Here, we explored a methodology to derive descriptors of atoms in organic molecules using natural language models pre-trained with SMILES strings. The aim of this work was to verify if the derived atomic descriptors (a) have any (chemically significant) relationship with the structural environment of the atom, (b) can be used for QSPR applications and perform better than available descriptors (as has been observed with molecular descriptors in some cases [
7]), and (c) can be used as operators in the latent space to transform molecules in a controlled way.

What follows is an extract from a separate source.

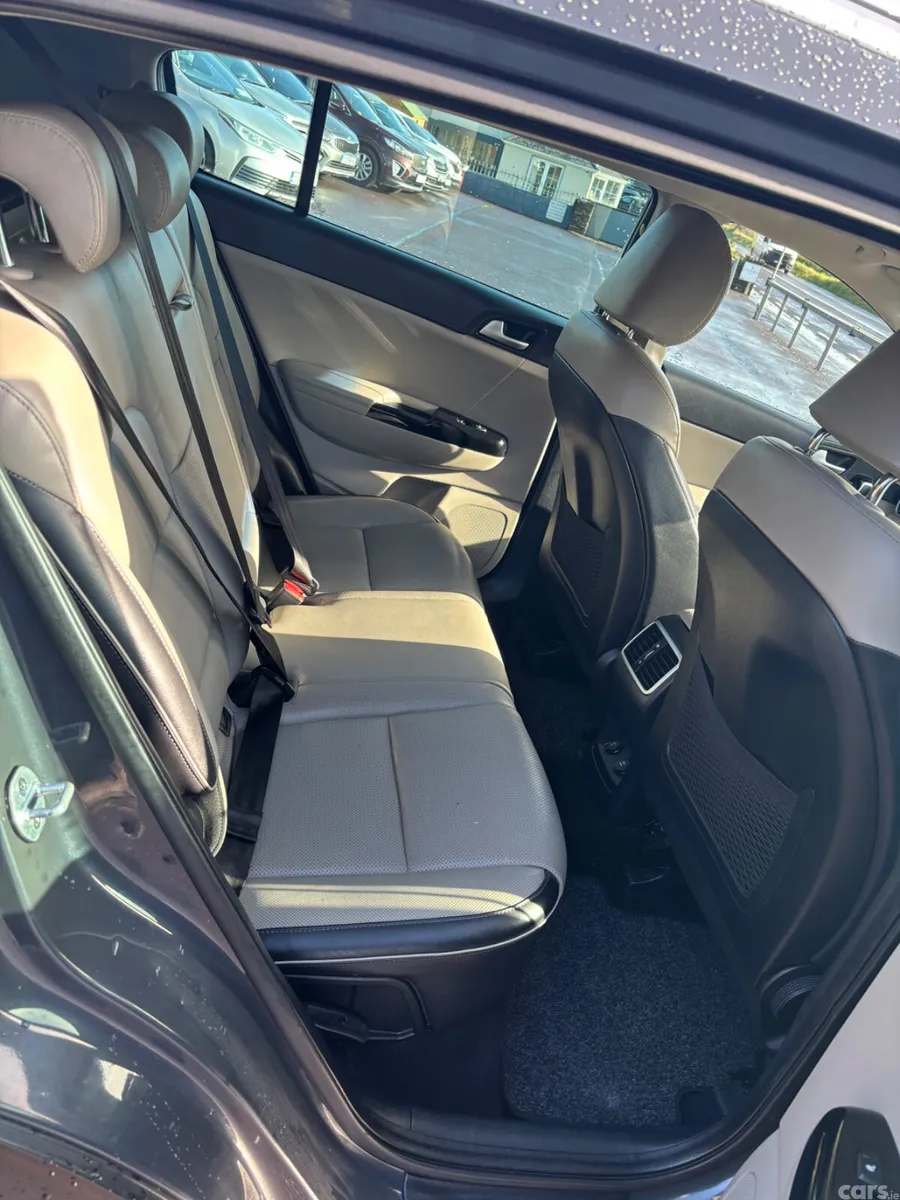 Kia Sportage SUV, Diesel, 2019, Grey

We used an available heteroenconder model [
7] to derive the atomic descriptors. The change in the LSV of a molecule when an atom is replaced was explored as a descriptor of that atom, the delta latent space vector (DLSV). The replacement of the target atom is a very convenient way to generate a perturbation focused on an atom within the heteroencoder framework. DLSVs can be used to assess the ability of heteroencoders trained with entire molecules to represent individual substructures, such as atoms in a molecule.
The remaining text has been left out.